Key: home_timeline:{user_id}
Type: Redis LIST
Value: [tweet_id_1, tweet_id_2, ...] most recent first
Size: ~800 entries × 8 bytes = 6.4 KB per user
For 300M users that’s ~2 TB total — fits in a Redis cluster sharded by user_id. Reads pull a 20-entry slice from home_timeline:{me} starting at the cursor offset. One round-trip.
The fanout worker maintains it and caps it at 800 entries — see chapter 6 for why 800.
Past the 800-entry cap
Cursor pagination eventually points “older than” a tweet that’s been trimmed.
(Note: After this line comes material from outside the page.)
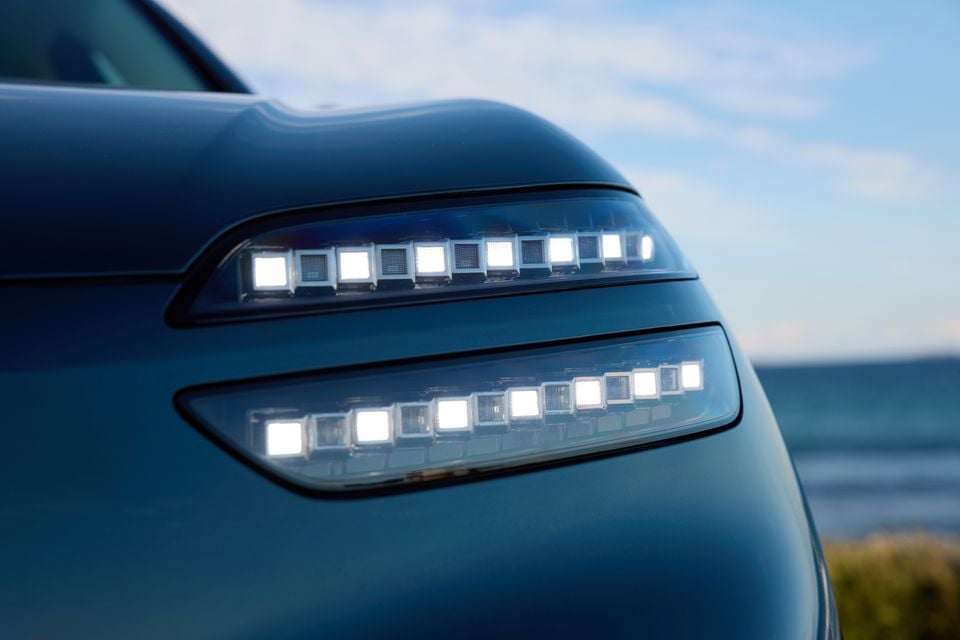 Close-up of the LED headlights on a blue 2026 Genesis GV60, showing illuminated square LED modules across two stacked light strips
The simplest answer is to stop: return an empty next_cursor once the user has scrolled through all 800. Twitter historically did something close to this — there’s a hard ceiling on how far back the home timeline goes.
The alternative is to fall back to fanout-on-read for the tail: query each followee’s tweets older than the cursor and merge. It works but it’s slow and reintroduces the read amplification push was meant to avoid.
2. Tweet hydration cache
The home timeline cache only stores tweet IDs. Those have to be expanded into full tweet objects (text, author, media URLs) for the response. Hitting DynamoDB per tweet on every timeline read would defeat the point — you’d pay an RCU per item per read across hundreds of thousands of reads per second.
Key: tweet:{tweet_id}
Type: Redis HASH or serialized blob
TTL: 24h, refreshed on access
Read-through: Timeline Service batch-fetches the full set of tweet IDs in one call. Misses fall back to DynamoDB and populate the cache. Hit rate >95% in steady state because timelines are dominated by recent tweets.
3. User cache
Author info (display name, avatar URL, verified flag) is needed to render every tweet. Same shape:
Key: user:{user_id}
TTL: 1h
Invalidated on profile edit by publishing an event the cache layer subscribes to. Profile edits are rare; the invalidation cost is negligible.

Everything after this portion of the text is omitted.